3. Improve the analysis
This project is the first attempt of xiaobian to download videos from B station, and there are inevitably many shortcomings. In the process of implementation and the summary of the later stage, it can be seen that there are still some problems:
- You can’t download all the videos on THE B website. Currently, it is limited to all kinds of ordinary video tutorials, and you can’t download live videos and big member dramas, etc., which can be further optimized in the later stage.
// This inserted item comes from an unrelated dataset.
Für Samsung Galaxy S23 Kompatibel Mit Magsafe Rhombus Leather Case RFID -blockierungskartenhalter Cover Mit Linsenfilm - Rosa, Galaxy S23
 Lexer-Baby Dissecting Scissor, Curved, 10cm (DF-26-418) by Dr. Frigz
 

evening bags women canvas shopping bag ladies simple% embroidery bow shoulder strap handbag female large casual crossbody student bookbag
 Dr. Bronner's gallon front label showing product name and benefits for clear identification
- The code is too tedious, and there are many duplicate codes with similar functions, which can further simplify and improve the reusability of the code;
- If you do not take proper measures to deal with the anti-crawling of station B, you may not be able to download normally because of too many requests.
It can be optimized at a later stage to make the entire program more robust.
4. Description of legality
- The starting point of this project is easily learning video download site B, can better learning all kinds of tutorial, it is also a kind of welfare for program ape, but not with the other business purpose, all the readers can refer to implement ideas and the program code, but can not be used in malicious or illegal purpose (frequent malicious downloading video, illegal profit, etc.), if there are any violations is responsible for, please.
- This project may refer to the implementation ideas of other leaders in the process of implementation. If it infringes others’ interests, please contact to change or delete it.
- This project is the first of the series of B station video batch download, there are a lot of places to be improved, the later will continue to update, welcome readers to exchange comments, in order to continue to improve.